Ath (Worcester) n. 216 216. And further, what a man has from his father is the very love, or the very affection, because the love is man’s very life, and the body lives from that; and thus it is plain that man’s very life is from the father, and nothing of life from the mother. Since therefore the very life was Divine, or was the Divine love, and the body is simply obedience, it thence clearly follows that the Lord as Man is God. (Here quote, first and last, what is written in Luke 1:34, 35.)

Ath (Worcester) n. 217 217. The Lord is treated of in the whole prophetic Word. To quote the many passages where He is called “the Holy One of Israel,” “the Redeemer,” and “Jehovah the Redeemer,” would be too diffuse. See Isaiah 60:1, etc., where it is said, “Jehovah shall arise upon thee, and His glory shall be seen upon thee”; besides many other things there which were said concerning the Divine Human.

Ath (Worcester) n. 218 218. The affection of man, into which he is born, is from his father, because this is his soul. With men when they are born there is evil affection and lust, because the soul of the father is such. But with the Lord alone there was good affection from birth, because the soul from the Father was the Divine Itself, which is nothing but the love of good, and good itself; then to the love all wisdom conjoins Itself, and from that all evil is expelled; for they cannot be together. Wherefore the Lord made His Human Divine from the Divine in Himself.


Ath (Worcester) n. 219 219. AT THE END

(The contents of the things in this work, in the books written in Latin, and sent to the archbishops, the bishops and the noblemen of the kingdom of Great Britain.)

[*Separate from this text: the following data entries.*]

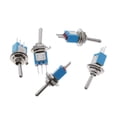 thumbnail image 5 of BAOSITY 5x5PCS 3Pins ON-ON PCB lug pin switch, 5 of 8
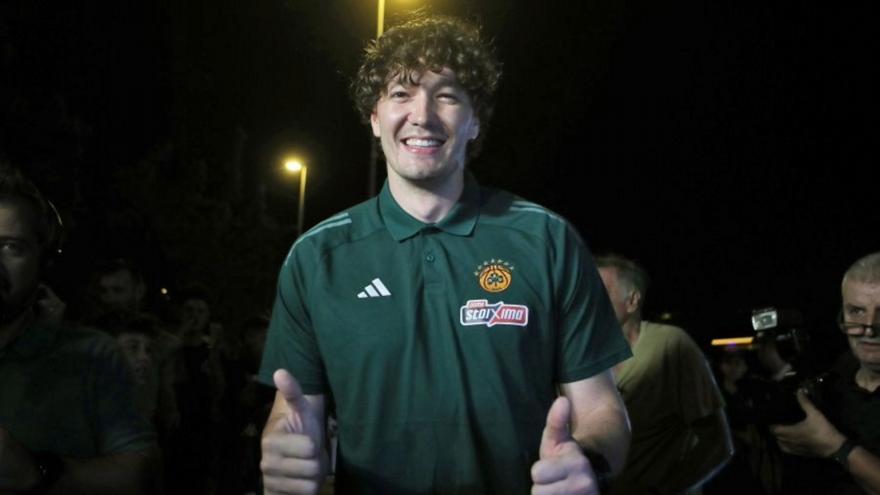 Τσεντί Οσμάν: Το ιδανικό «fit» με Παπαπέτρου και Γκριγκόνις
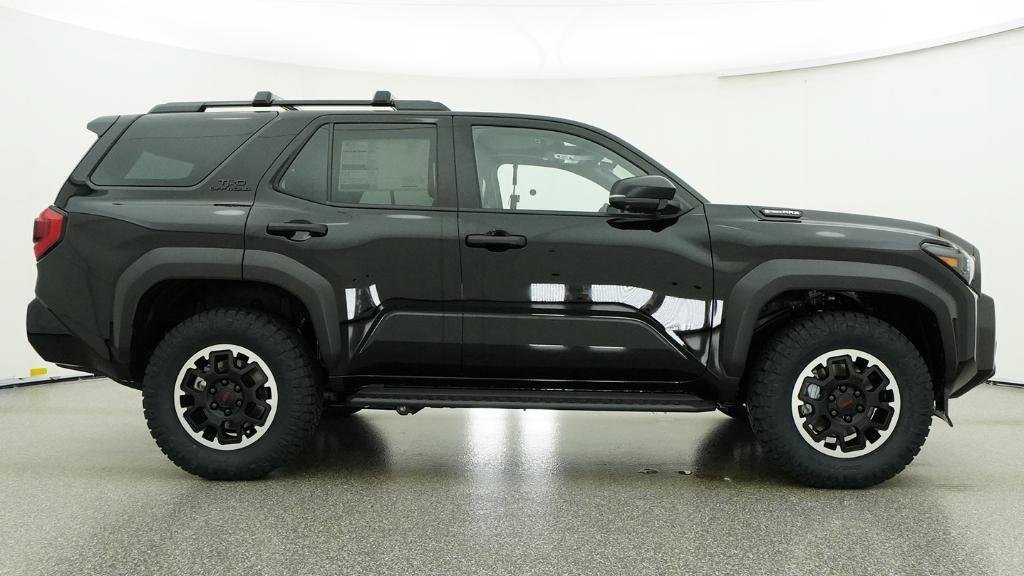 New 2026 Toyota 4Runner TRD Off-Road Premium AWD/4WD image 53
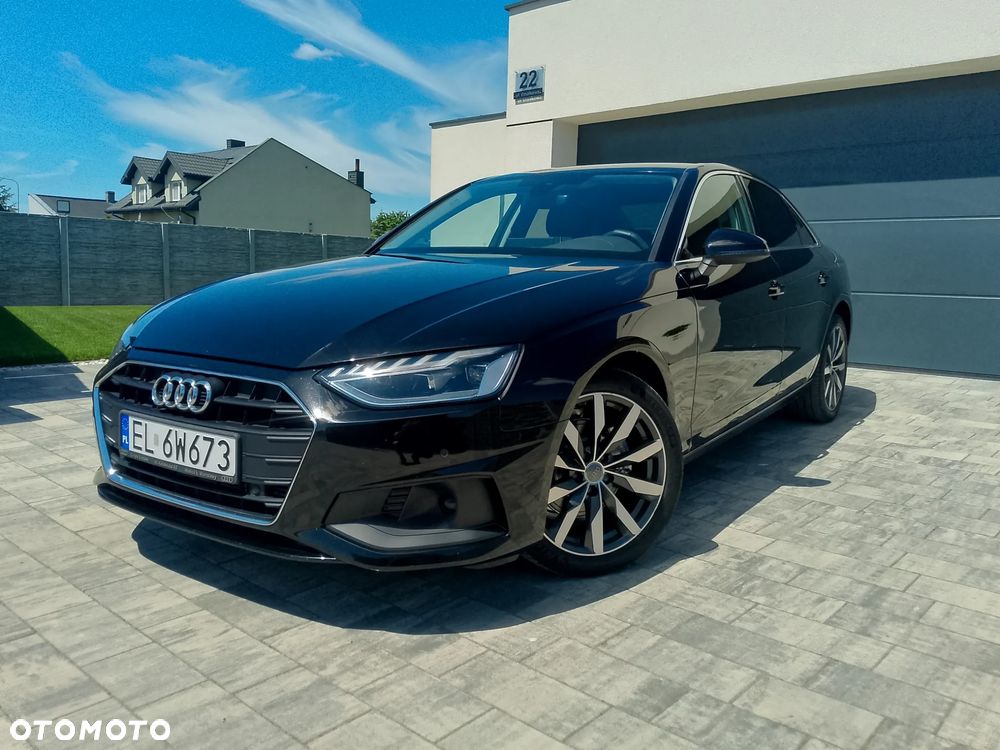 Audi A4 Limousine 35 TFSI S tronic - 3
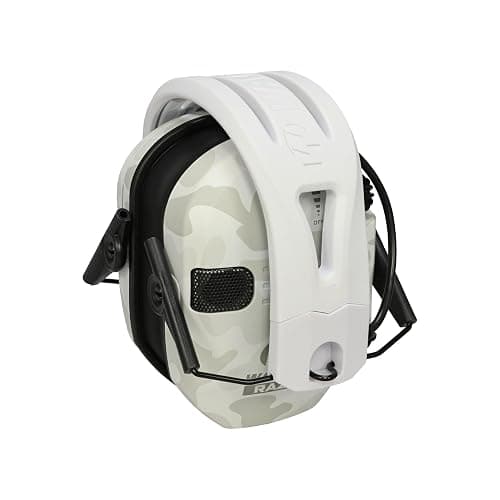 Walker's Razor Slim Ultra Low Profile Compact Design Adjustable Range Shooting Hunting Hearing Protection Electronic Earmuffs thumbnail 3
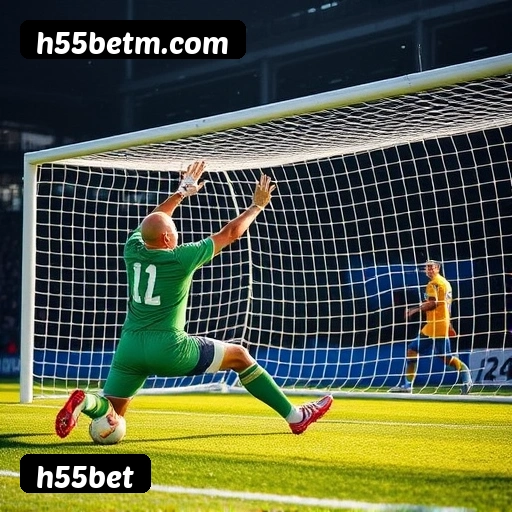 h55bet PIX instantâneo Brasil - Depósito e saque em minutos 24/7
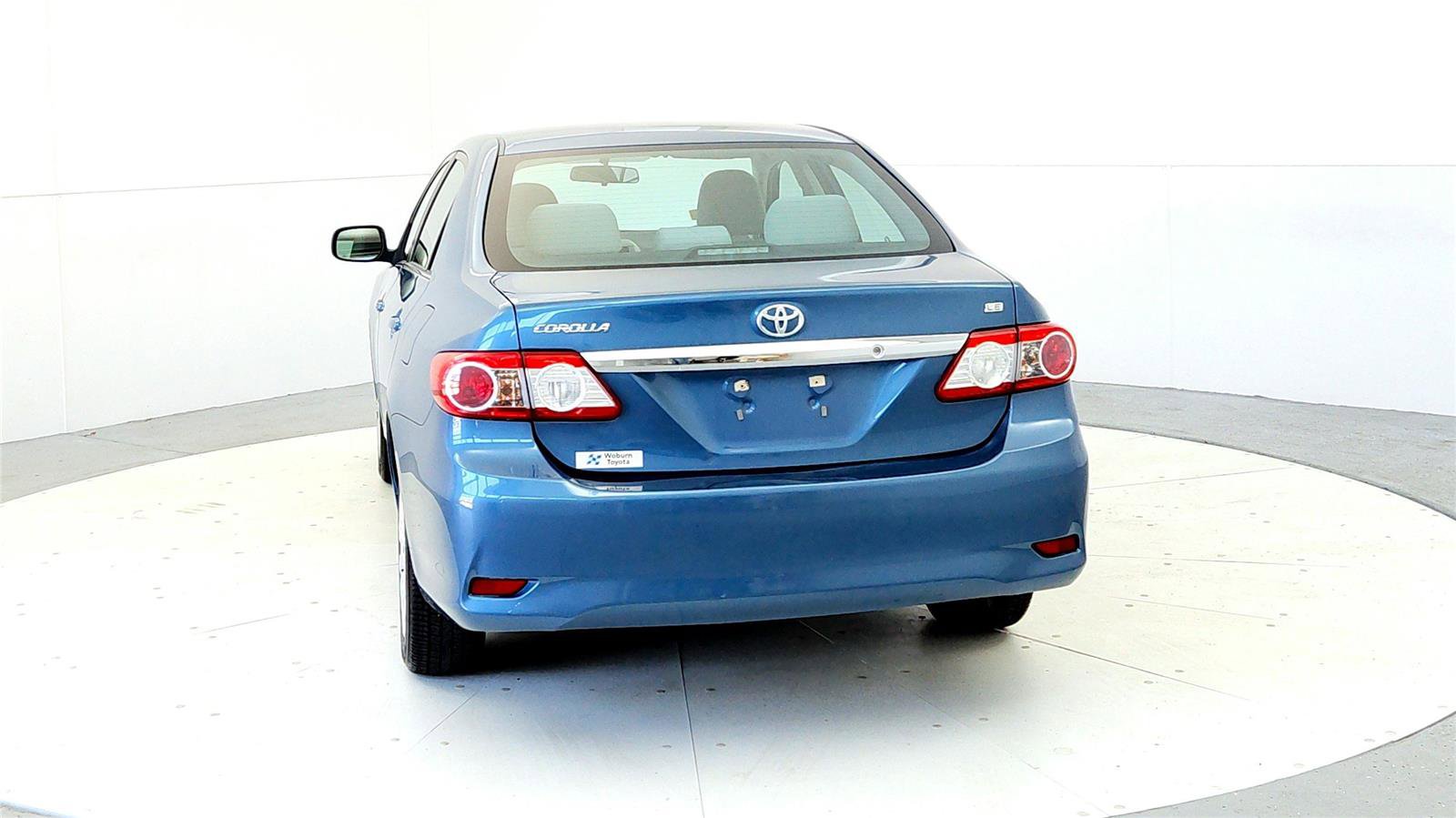 Used 2013 Toyota Corolla LE FWD image 5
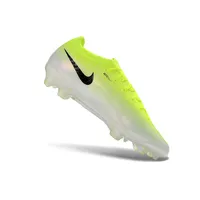 Chuteira Campo Nike Mercurial Vapor 17 Elite FG Verde e Branco - imagem 6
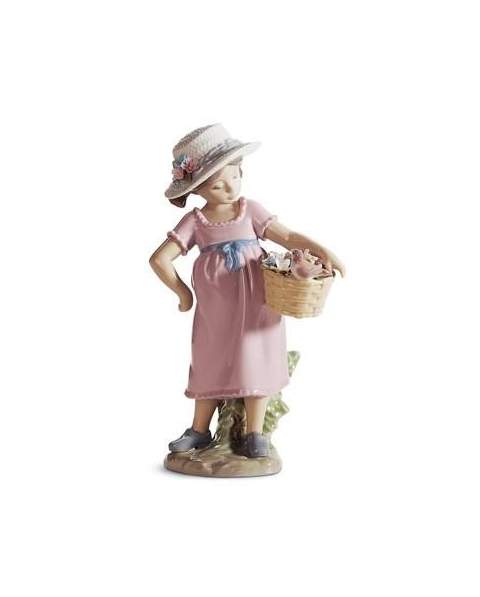 Lladro 01006826 COME SEI CARINO! 010.06826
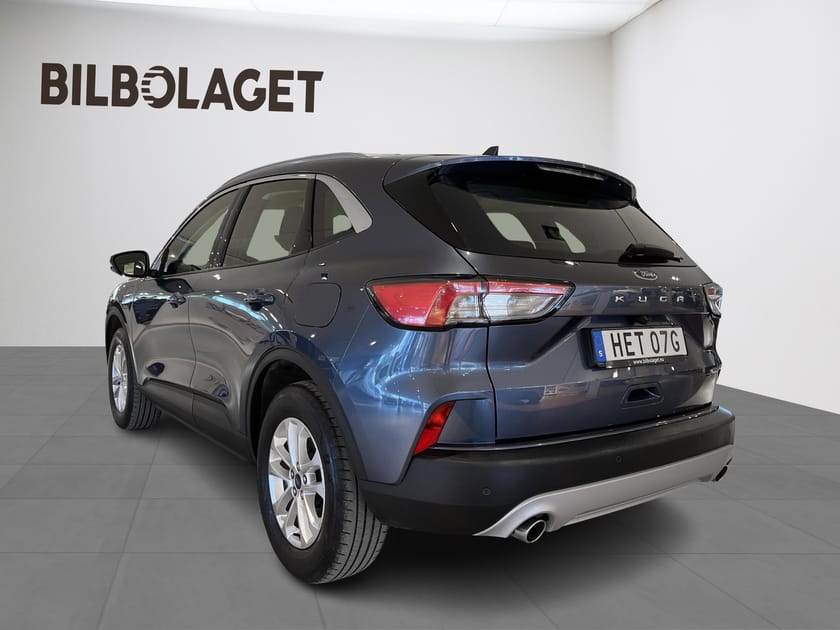 Bild 3 av Ford Kuga Plug-In Hybrid 2.5 225 PHEV Titanium A II_HMC (Drag,Nav,Park kamera)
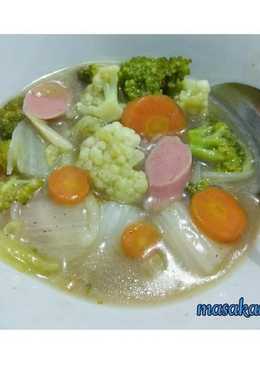 Cap Cay Sayur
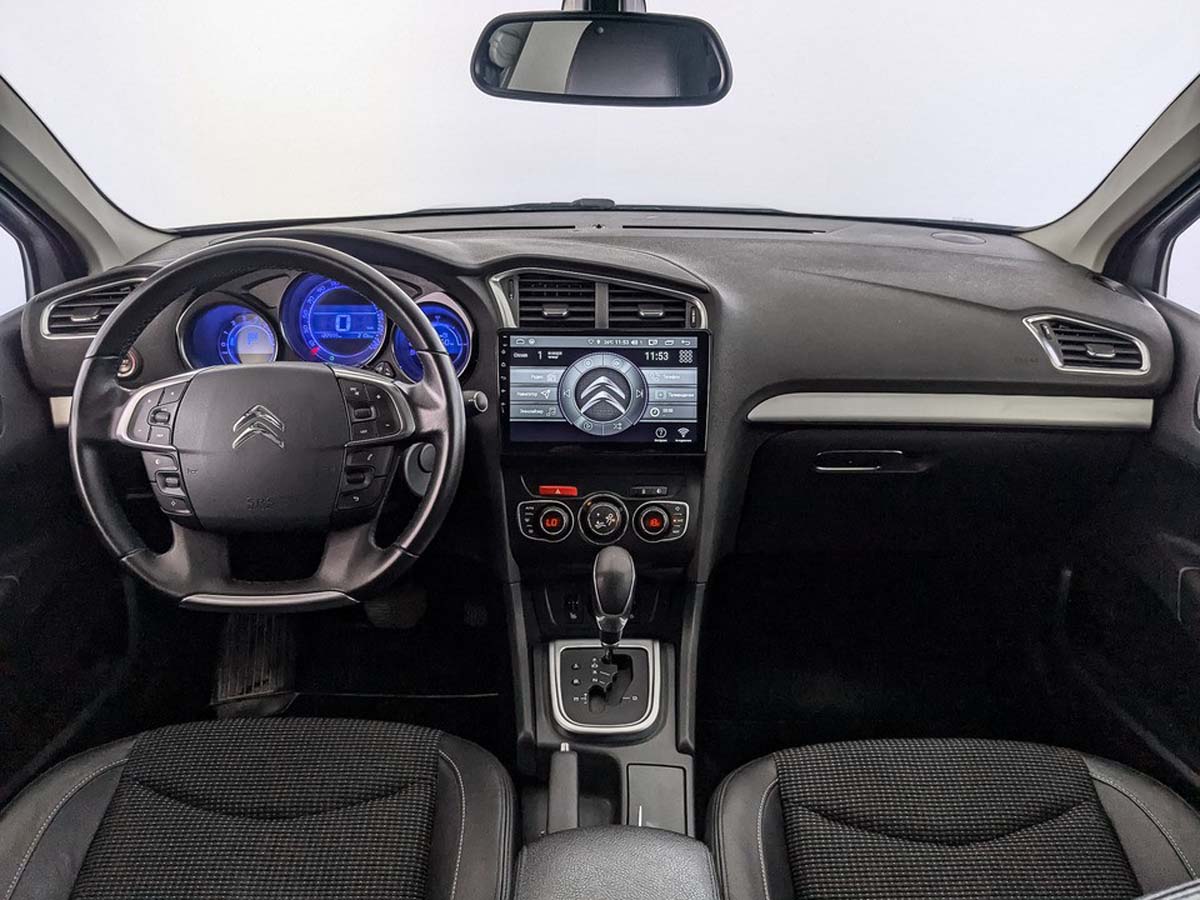 Citroen C4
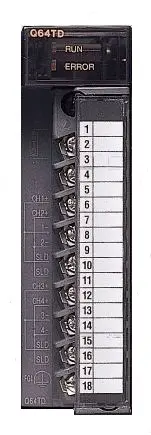 [Q64TD] MITSUBISHI/FA (New)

Ath (Worcester) n. 220 220. Athanasius, and learned men after him, had it in thought to conjoin three Divines into one, by these considerations: that the essence is one, and that there is Unity in Trinity and Trinity in Unity. But from this subtlety, however, of which there can be no comprehension, who thinks that therefore God is one? Does anyone? But the thought is that there are three Persons, and that each is God; and this takes possession of the interior thought, so that it does not see one God, but three Gods; and thus it is contrary to the Christian religion itself, which is that there is one God.